La verdad es que solo el 7,8% de los pasajeros pagan en metálico, que el resto lo hacen con una tarjeta que imagino que es de transporte o de la tercera edad, o con el teléfono con un código QR.

Y encima nos hemos sentado los dos en un asiento de primera fila que era para una sola persona o dos niños pequeños.  El conductor pensaría, acertadamente, que éramos una pareja de abuelos atontados.  Y así con 2¥ hemos atravesado la ciudad porque el viaje ha durado unos 70 minutos.

Hemos pasado por grandes avenidas con cuidados jardines y bastante circulación.  Y una cosa especial es que las motos tienen un carril separado para ellas en la calzada. Si no fuese así sería un caos dada la cantidad que hay y como sortean el tráfico, por ejemplo, no respetando los pasos cebras, que los coches sí hacen (no en Shanghái), ni esperando el semáforo verde para pasar ellas. Vaya, que son un peligro porque, como también en Shanghái y no sé si en el resto del país, son todas eléctricas.  No he visto ni una de motor de explosión, ni siquiera esas espectaculares  de ruido atronador que tanto gustan al español.

Así llegamos a la pagoda donde estuvimos ayer, la de Leifeng, y hoy aquel entorno es un infierno de gente. Buscamos el autobús Y5 y un señor de uniforme, no sé si policía, conductor de autobús o camillero de la Cruz Roja me dice que por allí no pasa ningún Y5, y que para ir  donde queremos ir tenemos que coger el 87 y me señala con el dedo una dirección. Allí nos dirigimos, pero visto el poco éxito de la búsqueda decidimos quedarnos en el cercano templo de Jingci.

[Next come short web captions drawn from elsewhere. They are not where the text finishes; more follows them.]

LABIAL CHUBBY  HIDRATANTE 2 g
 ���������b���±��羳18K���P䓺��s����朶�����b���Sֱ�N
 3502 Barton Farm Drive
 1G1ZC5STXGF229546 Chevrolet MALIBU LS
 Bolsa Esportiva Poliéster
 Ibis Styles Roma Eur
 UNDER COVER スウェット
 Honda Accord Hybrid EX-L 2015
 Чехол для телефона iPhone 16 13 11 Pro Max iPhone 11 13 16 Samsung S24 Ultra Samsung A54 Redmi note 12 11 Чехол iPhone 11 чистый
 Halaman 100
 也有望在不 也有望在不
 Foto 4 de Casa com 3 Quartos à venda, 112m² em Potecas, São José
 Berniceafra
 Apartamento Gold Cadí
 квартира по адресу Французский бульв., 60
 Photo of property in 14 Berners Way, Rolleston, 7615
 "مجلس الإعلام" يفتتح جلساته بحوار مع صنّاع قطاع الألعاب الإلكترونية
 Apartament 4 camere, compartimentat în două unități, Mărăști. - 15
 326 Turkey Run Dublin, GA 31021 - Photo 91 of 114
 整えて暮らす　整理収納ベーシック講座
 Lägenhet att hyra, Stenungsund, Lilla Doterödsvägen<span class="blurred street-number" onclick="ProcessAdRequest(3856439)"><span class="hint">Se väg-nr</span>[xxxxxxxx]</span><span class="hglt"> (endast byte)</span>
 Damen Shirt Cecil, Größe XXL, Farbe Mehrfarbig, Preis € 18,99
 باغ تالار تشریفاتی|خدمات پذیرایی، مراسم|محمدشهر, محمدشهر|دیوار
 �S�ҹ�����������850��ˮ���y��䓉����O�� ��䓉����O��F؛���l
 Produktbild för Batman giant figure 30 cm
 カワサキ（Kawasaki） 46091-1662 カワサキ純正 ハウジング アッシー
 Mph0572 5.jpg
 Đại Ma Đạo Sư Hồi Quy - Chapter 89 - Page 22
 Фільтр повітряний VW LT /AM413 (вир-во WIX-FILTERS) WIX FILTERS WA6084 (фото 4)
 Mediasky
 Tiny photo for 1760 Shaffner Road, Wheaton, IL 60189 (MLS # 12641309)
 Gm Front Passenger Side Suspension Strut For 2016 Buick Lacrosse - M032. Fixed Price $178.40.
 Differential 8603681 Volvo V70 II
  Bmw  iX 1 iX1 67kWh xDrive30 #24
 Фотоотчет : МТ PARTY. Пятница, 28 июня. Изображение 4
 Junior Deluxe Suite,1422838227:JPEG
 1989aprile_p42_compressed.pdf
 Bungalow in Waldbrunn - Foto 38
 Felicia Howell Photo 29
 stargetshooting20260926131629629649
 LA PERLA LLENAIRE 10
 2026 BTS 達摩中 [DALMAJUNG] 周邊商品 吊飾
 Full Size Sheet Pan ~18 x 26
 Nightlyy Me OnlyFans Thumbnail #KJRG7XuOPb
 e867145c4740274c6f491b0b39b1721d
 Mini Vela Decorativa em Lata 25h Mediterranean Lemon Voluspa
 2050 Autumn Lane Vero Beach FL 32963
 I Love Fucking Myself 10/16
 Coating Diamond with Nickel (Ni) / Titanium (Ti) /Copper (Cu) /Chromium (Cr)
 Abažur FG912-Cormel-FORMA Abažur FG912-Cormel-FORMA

Cuento todo lo anterior para prevenir al osado viajero que quiere hacer turismo a su aire que China no es fácil. No es que sea imposible, pero la barrera del idioma y especialmente la de su alfabeto hace difícil resolver algunas situaciones cotidianas que son inevitables. Y hay que tener presente la poca ayuda turística oficial, a veces nula. Sí que te ayuda la gente, vaya, la que se atreve entablar una correosa conversación contigo muchas veces con la ayuda de su teléfono.

El templo de Jingci.

La guía dice de él que está todavía activo desde el punto de vista monástico, que fue construido en el año 954 y ahora está totalmente restaurado.

Una placa en su entrada explica que su nombre significa “Pura Benevolencia” y que atestigua el nombre de Hangzhou como el “Reino Budista del Sudeste de China” como se le conoció durante los siglos X al XII.

Fue clasificado como el templo más importante entre más de 300 de esta ciudad. Todavía hoy es uno de los más importantes centros de enseñanza religiosa y meditación de la costa sudeste de China.

Allí en ese famoso templo tenemos la primera agradable sorpresa del día: gratis su acceso para los muy mayores.

¿Cómo lo he sabido? Pues porque en la entrada una gran placa metálica escrita en chino, de la que por supuesto no he entendido nada, en su punto tercero decía 60-69 y el cuatro empezaba con un 70. Así que he deducido que si había algo para los sesentones, imagino que una rebaja en el precio de la entrada, había algo mejor para los mayores de 70, así que he ido con los pasaportes y he enseñado donde ponía el año de nacimiento y me han dicho que adelante.